PROMPT:
Return the lines below in which the string "meme" occurs.

STORED DATA:
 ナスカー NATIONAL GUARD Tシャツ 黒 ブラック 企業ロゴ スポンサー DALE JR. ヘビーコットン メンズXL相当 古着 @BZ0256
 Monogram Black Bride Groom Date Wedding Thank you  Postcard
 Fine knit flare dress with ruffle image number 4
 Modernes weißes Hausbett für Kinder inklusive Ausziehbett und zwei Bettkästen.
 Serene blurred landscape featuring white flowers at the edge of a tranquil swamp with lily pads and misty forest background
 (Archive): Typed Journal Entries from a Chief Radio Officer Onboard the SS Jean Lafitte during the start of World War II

...

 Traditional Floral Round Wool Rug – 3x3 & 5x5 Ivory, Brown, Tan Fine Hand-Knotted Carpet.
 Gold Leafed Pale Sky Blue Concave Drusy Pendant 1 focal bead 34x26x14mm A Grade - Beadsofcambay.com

--

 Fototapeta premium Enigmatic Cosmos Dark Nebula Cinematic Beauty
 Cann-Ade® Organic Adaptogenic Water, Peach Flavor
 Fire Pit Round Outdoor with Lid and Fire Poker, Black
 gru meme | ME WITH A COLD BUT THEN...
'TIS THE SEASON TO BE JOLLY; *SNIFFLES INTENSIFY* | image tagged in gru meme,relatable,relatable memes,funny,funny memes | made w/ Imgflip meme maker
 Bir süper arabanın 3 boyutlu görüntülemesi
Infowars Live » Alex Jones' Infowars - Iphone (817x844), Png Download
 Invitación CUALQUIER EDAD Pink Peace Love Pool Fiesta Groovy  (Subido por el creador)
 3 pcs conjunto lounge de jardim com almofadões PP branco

WRITTEN ANSWER:
 gru meme | ME WITH A COLD BUT THEN...
'TIS THE SEASON TO BE JOLLY; *SNIFFLES INTENSIFY* | image tagged in gru meme,relatable,relatable memes,funny,funny memes | made w/ Imgflip meme maker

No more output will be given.